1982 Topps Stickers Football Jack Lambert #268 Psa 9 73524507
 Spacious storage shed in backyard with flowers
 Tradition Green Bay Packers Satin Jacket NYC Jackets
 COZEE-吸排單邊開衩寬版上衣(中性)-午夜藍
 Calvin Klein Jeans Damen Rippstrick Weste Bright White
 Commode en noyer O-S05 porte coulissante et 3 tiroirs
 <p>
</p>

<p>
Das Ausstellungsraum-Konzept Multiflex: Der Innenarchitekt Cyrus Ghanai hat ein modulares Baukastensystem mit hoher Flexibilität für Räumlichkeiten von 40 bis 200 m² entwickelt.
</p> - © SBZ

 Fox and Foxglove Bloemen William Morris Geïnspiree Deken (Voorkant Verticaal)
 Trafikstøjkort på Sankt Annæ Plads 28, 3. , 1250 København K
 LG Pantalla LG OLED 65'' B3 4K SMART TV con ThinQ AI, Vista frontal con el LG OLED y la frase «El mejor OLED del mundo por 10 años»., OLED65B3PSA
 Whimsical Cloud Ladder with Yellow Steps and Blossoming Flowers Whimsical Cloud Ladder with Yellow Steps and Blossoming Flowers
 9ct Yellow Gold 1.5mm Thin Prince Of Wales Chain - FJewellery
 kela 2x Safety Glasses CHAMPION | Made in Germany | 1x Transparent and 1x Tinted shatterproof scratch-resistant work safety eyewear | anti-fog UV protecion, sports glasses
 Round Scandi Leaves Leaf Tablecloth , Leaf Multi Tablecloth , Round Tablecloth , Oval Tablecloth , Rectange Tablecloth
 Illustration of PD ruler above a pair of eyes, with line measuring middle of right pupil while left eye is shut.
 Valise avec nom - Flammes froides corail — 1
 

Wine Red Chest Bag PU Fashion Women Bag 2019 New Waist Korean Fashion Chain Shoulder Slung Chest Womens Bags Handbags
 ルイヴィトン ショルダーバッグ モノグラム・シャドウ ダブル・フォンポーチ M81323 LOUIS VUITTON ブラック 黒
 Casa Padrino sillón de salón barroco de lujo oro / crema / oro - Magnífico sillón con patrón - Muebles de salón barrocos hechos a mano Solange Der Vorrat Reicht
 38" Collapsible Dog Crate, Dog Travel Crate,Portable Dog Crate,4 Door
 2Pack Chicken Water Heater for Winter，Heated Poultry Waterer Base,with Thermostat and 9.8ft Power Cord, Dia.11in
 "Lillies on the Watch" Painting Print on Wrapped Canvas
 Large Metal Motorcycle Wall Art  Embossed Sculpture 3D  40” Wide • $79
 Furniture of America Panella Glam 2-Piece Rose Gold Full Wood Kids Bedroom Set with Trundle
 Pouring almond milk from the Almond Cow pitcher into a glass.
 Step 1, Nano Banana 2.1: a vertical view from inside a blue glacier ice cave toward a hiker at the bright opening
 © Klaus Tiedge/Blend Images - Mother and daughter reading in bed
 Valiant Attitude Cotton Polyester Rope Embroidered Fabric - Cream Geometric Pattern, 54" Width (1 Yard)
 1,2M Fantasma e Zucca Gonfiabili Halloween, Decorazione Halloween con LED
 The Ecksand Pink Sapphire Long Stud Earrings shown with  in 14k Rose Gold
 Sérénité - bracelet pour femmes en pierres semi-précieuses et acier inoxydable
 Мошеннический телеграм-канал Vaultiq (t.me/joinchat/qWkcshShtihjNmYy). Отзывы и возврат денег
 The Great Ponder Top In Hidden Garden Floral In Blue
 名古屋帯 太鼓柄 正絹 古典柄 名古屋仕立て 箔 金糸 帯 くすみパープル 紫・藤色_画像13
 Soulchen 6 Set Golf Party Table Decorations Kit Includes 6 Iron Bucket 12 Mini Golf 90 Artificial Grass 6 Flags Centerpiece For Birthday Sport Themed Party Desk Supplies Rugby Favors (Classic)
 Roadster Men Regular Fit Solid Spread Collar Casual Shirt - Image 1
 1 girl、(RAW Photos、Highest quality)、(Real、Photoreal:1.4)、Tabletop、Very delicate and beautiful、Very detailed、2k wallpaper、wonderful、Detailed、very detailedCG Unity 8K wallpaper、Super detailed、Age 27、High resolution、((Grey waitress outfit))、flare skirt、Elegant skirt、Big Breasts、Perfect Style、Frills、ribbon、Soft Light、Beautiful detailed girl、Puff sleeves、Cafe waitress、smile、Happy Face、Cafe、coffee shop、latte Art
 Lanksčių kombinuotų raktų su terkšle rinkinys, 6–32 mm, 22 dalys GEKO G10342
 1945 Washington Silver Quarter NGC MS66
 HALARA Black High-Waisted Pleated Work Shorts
++++
ABOUT THIS EXERCISE |
All of the material above should be printed again exactly as it is.

THE COMPLETED TASK |
1982 Topps Stickers Football Jack Lambert #268 Psa 9 73524507
 Spacious storage shed in backyard with flowers
 Tradition Green Bay Packers Satin Jacket NYC Jackets
 COZEE-吸排單邊開衩寬版上衣(中性)-午夜藍
 Calvin Klein Jeans Damen Rippstrick Weste Bright White
 Commode en noyer O-S05 porte coulissante et 3 tiroirs
 <p>
</p>

<p>
Das Ausstellungsraum-Konzept Multiflex: Der Innenarchitekt Cyrus Ghanai hat ein modulares Baukastensystem mit hoher Flexibilität für Räumlichkeiten von 40 bis 200 m² entwickelt.
</p> - © SBZ

 Fox and Foxglove Bloemen William Morris Geïnspiree Deken (Voorkant Verticaal)
 Trafikstøjkort på Sankt Annæ Plads 28, 3. , 1250 København K
 LG Pantalla LG OLED 65'' B3 4K SMART TV con ThinQ AI, Vista frontal con el LG OLED y la frase «El mejor OLED del mundo por 10 años»., OLED65B3PSA
 Whimsical Cloud Ladder with Yellow Steps and Blossoming Flowers Whimsical Cloud Ladder with Yellow Steps and Blossoming Flowers
 9ct Yellow Gold 1.5mm Thin Prince Of Wales Chain - FJewellery
 kela 2x Safety Glasses CHAMPION | Made in Germany | 1x Transparent and 1x Tinted shatterproof scratch-resistant work safety eyewear | anti-fog UV protecion, sports glasses
 Round Scandi Leaves Leaf Tablecloth , Leaf Multi Tablecloth , Round Tablecloth , Oval Tablecloth , Rectange Tablecloth
 Illustration of PD ruler above a pair of eyes, with line measuring middle of right pupil while left eye is shut.
 Valise avec nom - Flammes froides corail — 1
 

Wine Red Chest Bag PU Fashion Women Bag 2019 New Waist Korean Fashion Chain Shoulder Slung Chest Womens Bags Handbags
 ルイヴィトン ショルダーバッグ モノグラム・シャドウ ダブル・フォンポーチ M81323 LOUIS VUITTON ブラック 黒
 Casa Padrino sillón de salón barroco de lujo oro / crema / oro - Magnífico sillón con patrón - Muebles de salón barrocos hechos a mano Solange Der Vorrat Reicht
 38" Collapsible Dog Crate, Dog Travel Crate,Portable Dog Crate,4 Door
 2Pack Chicken Water Heater for Winter，Heated Poultry Waterer Base,with Thermostat and 9.8ft Power Cord, Dia.11in
 "Lillies on the Watch" Painting Print on Wrapped Canvas
 Large Metal Motorcycle Wall Art  Embossed Sculpture 3D  40” Wide • $79
 Furniture of America Panella Glam 2-Piece Rose Gold Full Wood Kids Bedroom Set with Trundle
 Pouring almond milk from the Almond Cow pitcher into a glass.
 Step 1, Nano Banana 2.1: a vertical view from inside a blue glacier ice cave toward a hiker at the bright opening
 © Klaus Tiedge/Blend Images - Mother and daughter reading in bed
 Valiant Attitude Cotton Polyester Rope Embroidered Fabric - Cream Geometric Pattern, 54" Width (1 Yard)
 1,2M Fantasma e Zucca Gonfiabili Halloween, Decorazione Halloween con LED
 The Ecksand Pink Sapphire Long Stud Earrings shown with  in 14k Rose Gold
 Sérénité - bracelet pour femmes en pierres semi-précieuses et acier inoxydable
 Мошеннический телеграм-канал Vaultiq (t.me/joinchat/qWkcshShtihjNmYy). Отзывы и возврат денег
 The Great Ponder Top In Hidden Garden Floral In Blue
 名古屋帯 太鼓柄 正絹 古典柄 名古屋仕立て 箔 金糸 帯 くすみパープル 紫・藤色_画像13
 Soulchen 6 Set Golf Party Table Decorations Kit Includes 6 Iron Bucket 12 Mini Golf 90 Artificial Grass 6 Flags Centerpiece For Birthday Sport Themed Party Desk Supplies Rugby Favors (Classic)
 Roadster Men Regular Fit Solid Spread Collar Casual Shirt - Image 1
 1 girl、(RAW Photos、Highest quality)、(Real、Photoreal:1.4)、Tabletop、Very delicate and beautiful、Very detailed、2k wallpaper、wonderful、Detailed、very detailedCG Unity 8K wallpaper、Super detailed、Age 27、High resolution、((Grey waitress outfit))、flare skirt、Elegant skirt、Big Breasts、Perfect Style、Frills、ribbon、Soft Light、Beautiful detailed girl、Puff sleeves、Cafe waitress、smile、Happy Face、Cafe、coffee shop、latte Art
 Lanksčių kombinuotų raktų su terkšle rinkinys, 6–32 mm, 22 dalys GEKO G10342
 1945 Washington Silver Quarter NGC MS66
 HALARA Black High-Waisted Pleated Work Shorts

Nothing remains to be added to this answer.